I mean, how do you answer that? Do you make up a Hollywood story? “Doc, I just got the role of Bluto Blutarski in the remake of ‘Animal House,’ and I saw these beer cans, and . . .”

Do you blame Mother Nature? “There I was, Doc, minding my business, and the strongest wind blew me into Section 104….”

Surely, you don’t tell him the truth. Surely, you don’t say, “I scored on a one-yard run, and I was really happy, so I saw the wall, and I slammed into it. I guess you see this all the time, huh, Doc? . . .”

Oh, well. I guess it’s a good thing the NFL has a rule about keeping your helmet on; otherwise we might have had to pluck Gus out with a crane.

The moral of this story? There is no moral. As Pink Floyd sang, “All in all, it’s just another nick in the wall.”

Is Iron Mike starting to crack?

Meanwhile, speaking of banging your head against the wall, did you catch Mike Ditka after his Saints lost Sunday? Frerotte wasn’t the only guy having a mental meltdown. Ditka rambled on in a postgame interview, sounding very much like a phone call to “Dr. Laura.”

“I don’t have it anymore…. Maybe all the experts were right…. If it doesn’t mean that much to other people, why should it mean that much to me?
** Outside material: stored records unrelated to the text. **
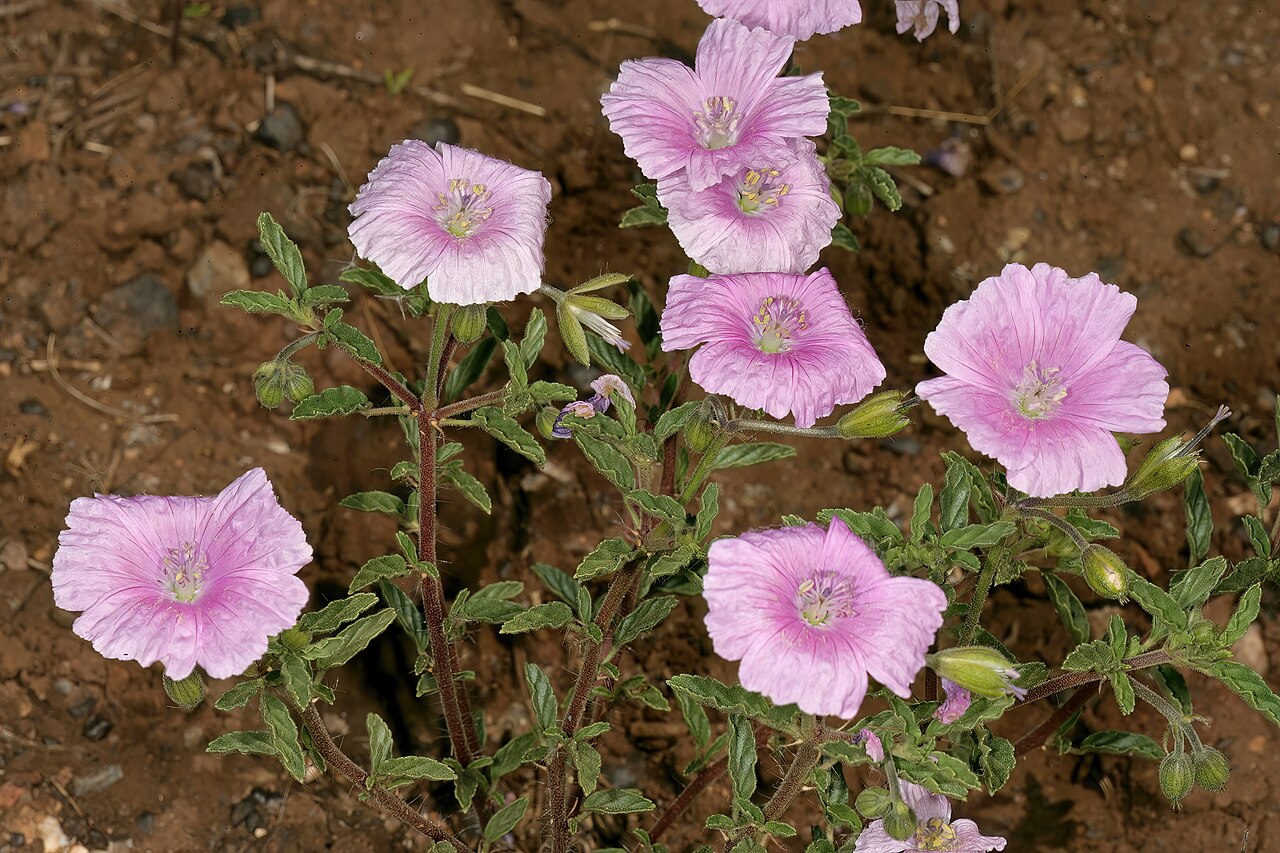 Crane's bill: Monsonia biflora (= Monsonia burkeana ), plant in flower; recently burned grassland on dolomite, between Carltonville and Ventersdorp. North West, South Africa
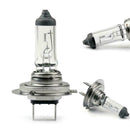 H7 12V 55W Halogen Bulb Headlight Halogen Automotive Lamp Car Y8J5 B5Q5
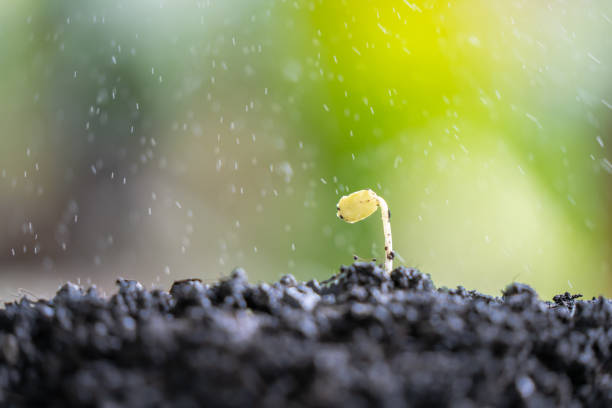 istock Close-up of a small tree growing in the soil with the sun setting. Green background. 2172054792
For the first time in my life, I can say that — it didn’t mean anything…. They broke me down today….”

Now, you might read this and think, gee, what a soft, sensitive guy. And I might think that, too, if I didn’t know Ditka was a blowhard. This, after all, is the same coach who went on “Saturday Night Live” this season and joked that his team “sucks.”

This is the same guy who bet his defensive coordinator that his players couldn’t stop Tim Brown of the Raiders. He bet against his players?

This is the same guy who promised a more “mellow” approach in his new job. He wasn’t there two months, when the official team outfit included earplugs.

Ditka can’t help it. He’s a bull and the Saints are a china shop. But what did he think he was getting into? The Saints are a team that makes the Lions look like perennial winners. They have little talent and no tradition.

Hey. Ditka has won four games with those slouches. If he figured he was going to the playoffs, he thinks more of himself than we thought.

League has passed Ditka by

“Are you going to quit?” someone asked Ditka.

“No, I’m not gonna quit. If they fired me, I would quit.”

Hmmm. If they fire you, isn’t quitting a moot point?

Then again, I guess we can’t expect Iron Mike to be ironclad in his brain work, what with all the smoke coming out of his ears. Still, he ought to figure out that the league has passed him by. Not the game. I am sure he’s still a great coach of the game.

But the league, the players, the salary caps, the attitude — it’s a lot different from 1985.

If Ditka thinks he can succeed on bluster, he’s wrong. And even though he changed his tune on Monday — saying he meant what he said Sunday but now he plans to stay — the fact is, when the season ends, Ditka ought to be the Saint that goes marching out.

“God puts people in places for a reason,” he said. “I think He put me in this job to humble me.”

I’ll buy that. Now, if we can only figure why He put that wall in front of Gus….

Mitch Albom will sign “Tuesdays with Morrie” 7-8 tonight at B Dalton, Macomb Mall, Roseville; 10-11 a.m. Friday at Barnes & Noble, Bloomfield Hills; and 1-2 p.m. Saturday at B Dalton, Twelve Oaks Mall, Novi. To leave a message for Albom, call 1-313-223-4581.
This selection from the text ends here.